No one talks about napalm raids anymore. Only war heroes.
I was reading Uwe Johnson's Jahrestage, a story that is told like a diary over the course of one year, August 1967 to August 1968. Everyday the protagonist reads snippets from The New York Times; just random news from the front page, usually about the "conflict" in Vietnam or the "Negro riots." I wanted to translate this particular one for you, because it mentions John McCain. And it brings up an issue that no one mentions these days, the fact that McCain was conducting a napalm air raid when he was shot down.
Background: Johnson's Jahrestage is a 1,800-page tome released in four volumes in 1971, 1973, 1975, and 1985. Each "day" (or chapter) begins with news from The New York Times for that day in 1967 in the life of the main character, an East German defector:
October 28, 1967 Saturday
John Sidney McCain III was shot down over Hanoi. In July he had witnessed the fire aboard the aircraft carrier Forrestal.
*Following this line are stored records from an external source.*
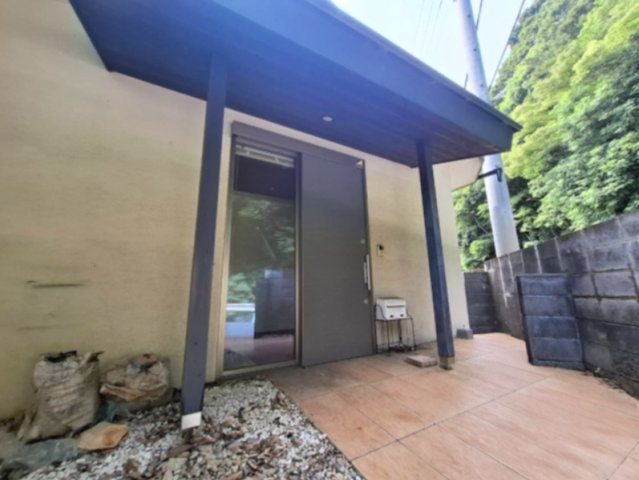 深い軒のある玄関ポーチが魅力。雨の日も快適に出入りでき、モダンなデザインが住まいの品格を高めます。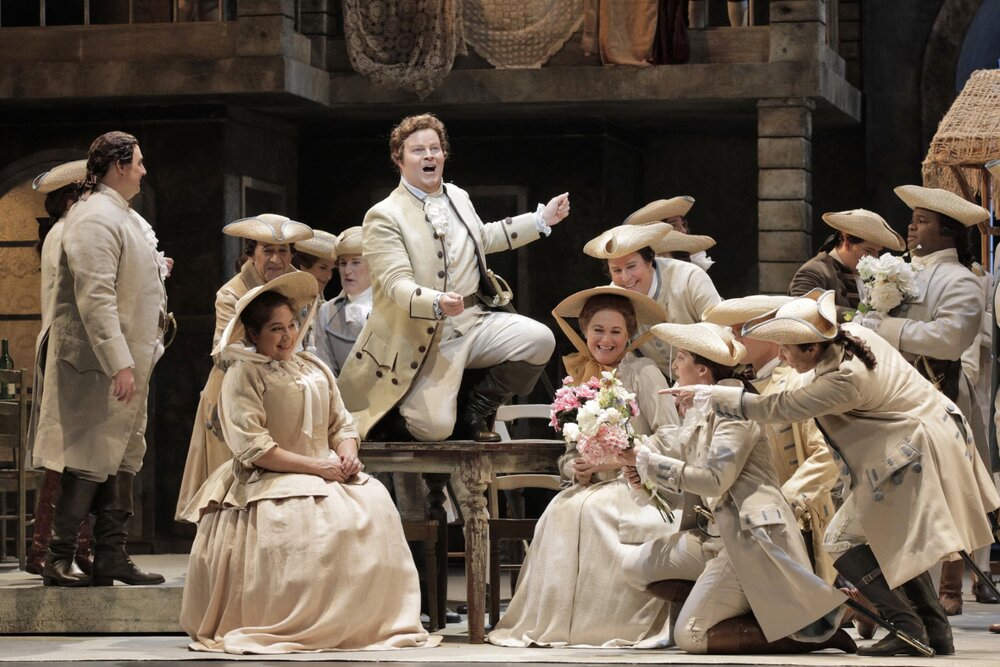  Christopher Oglesby (Edmondo) and members of the San Francisco Opera Chorus 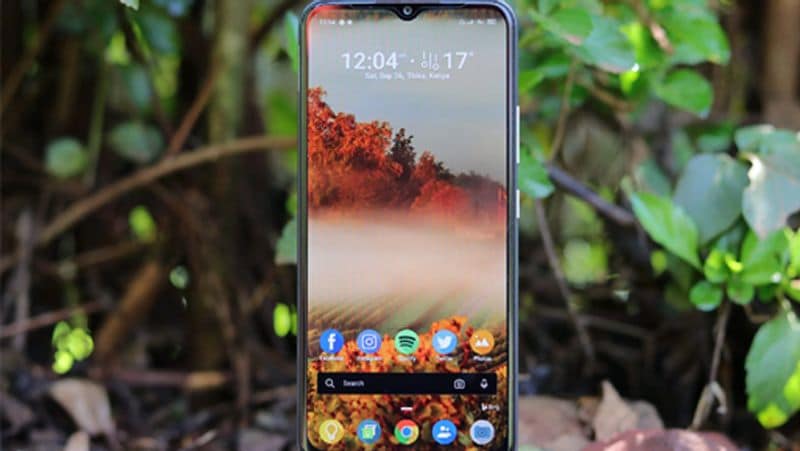 C20 और C21 में 5000mAh बैटरी और 10वाट चार्जिंग है। वहीं, C25 में 6000mAh बैटरी और 18 वाट चार्जिंग है। दिलचस्प बात ये है कि रियलमी ने TUV Rheinland जापान के साथ पार्टनरशिप की है। इसी के साथ C25 और C21 TUV Rheinland के साथ लॉन्च होने वाला पहला फोन है। 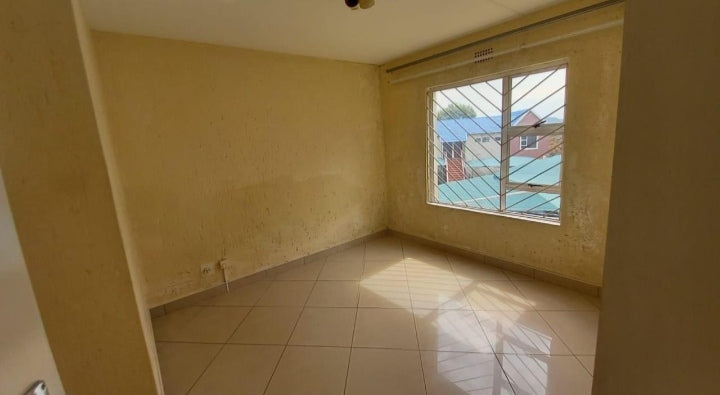 Flat To Rent In Winchester Hills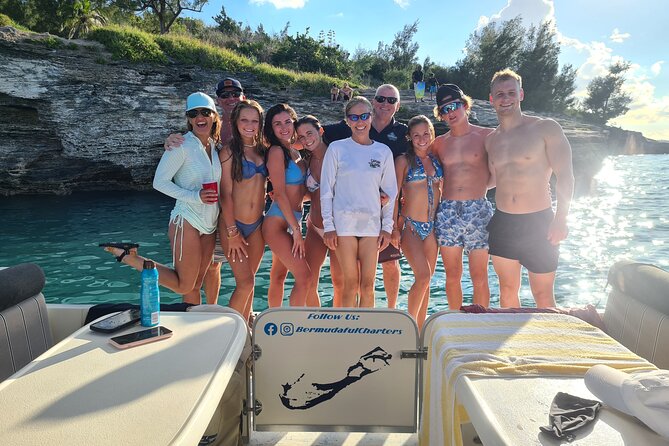 Bermuda Private Boat Charter: Snorkel, Cliff Jumping & Sightseeing - A four-hour Bermuda outing built around your group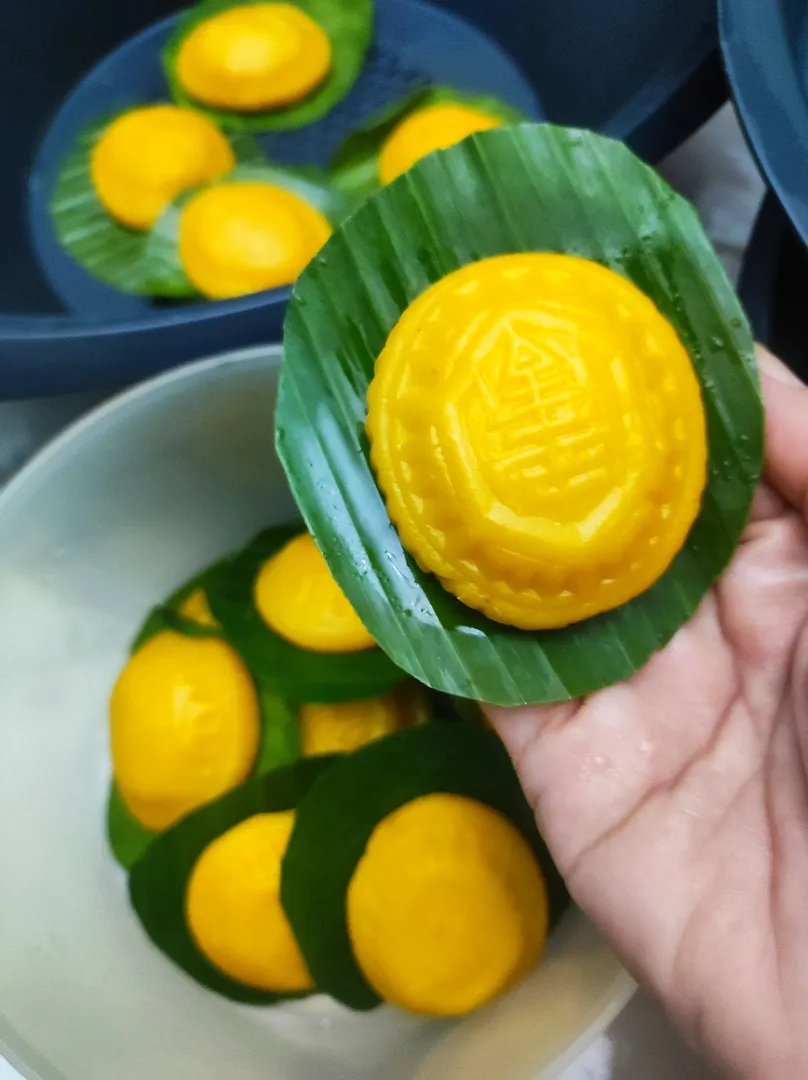 Orange sweet potato mung beans angku kuih|Jocelyn SETさん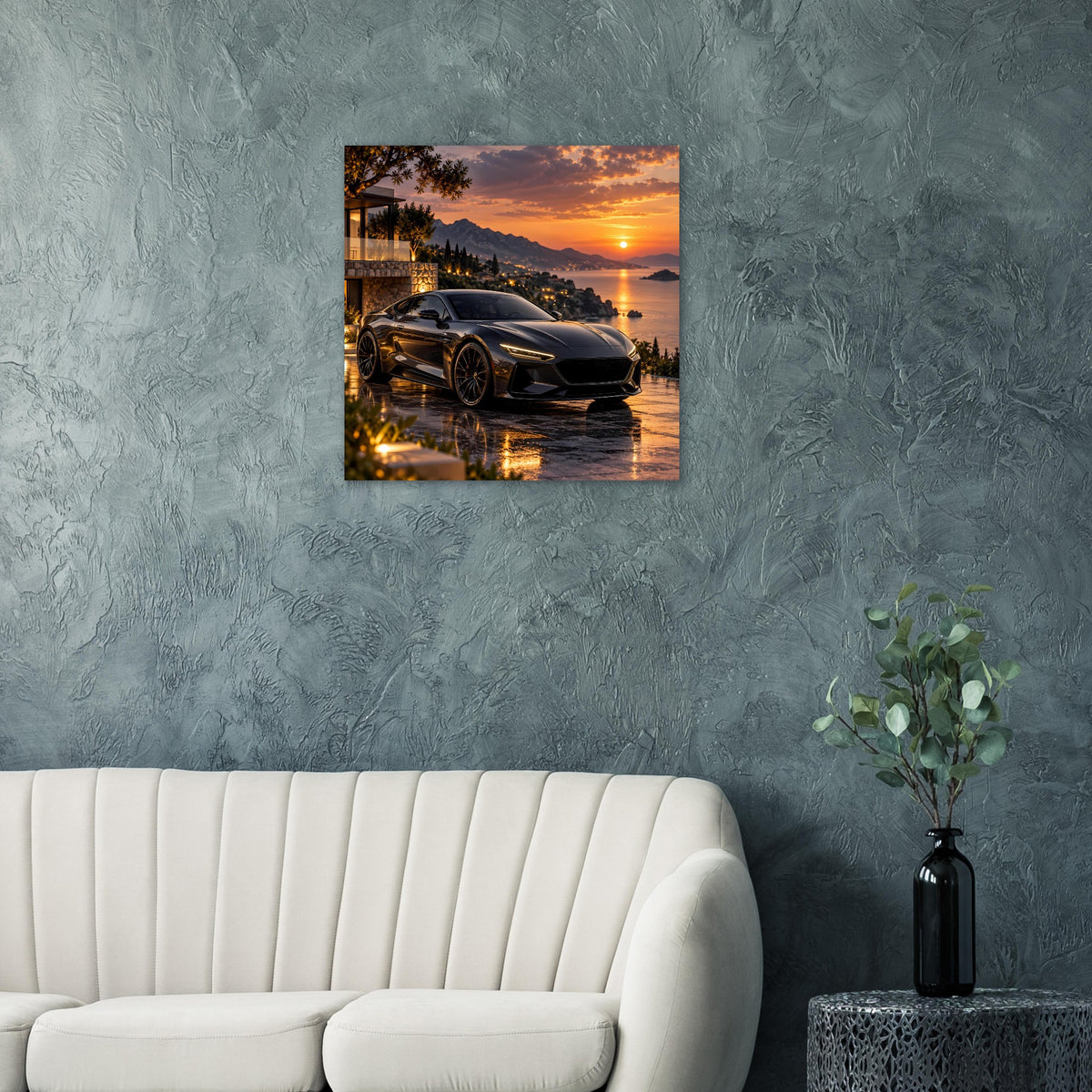 Sonnenuntergangs-Poster mit schwarzem Sportwagen am Wasser und orangefarbenem Himmel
After he had seen, in his words, "what the explosions and napalm had done to our men on the ship, I'm not so sure that I would ever be able to drop the stuff over North Viet Nam myself." But he was doing just that and Radio Hanoi reported his capture yesterday.
The rest of October 28, 1967, is spent with the main character Gesine reading about a memory experiment conducted at Princeton in which the participants demonstrated the ease of forgetting. As for our collective memory, it seems we have forgotten a lot ourselves. No one talks about napalm raids anymore. Only war heroes.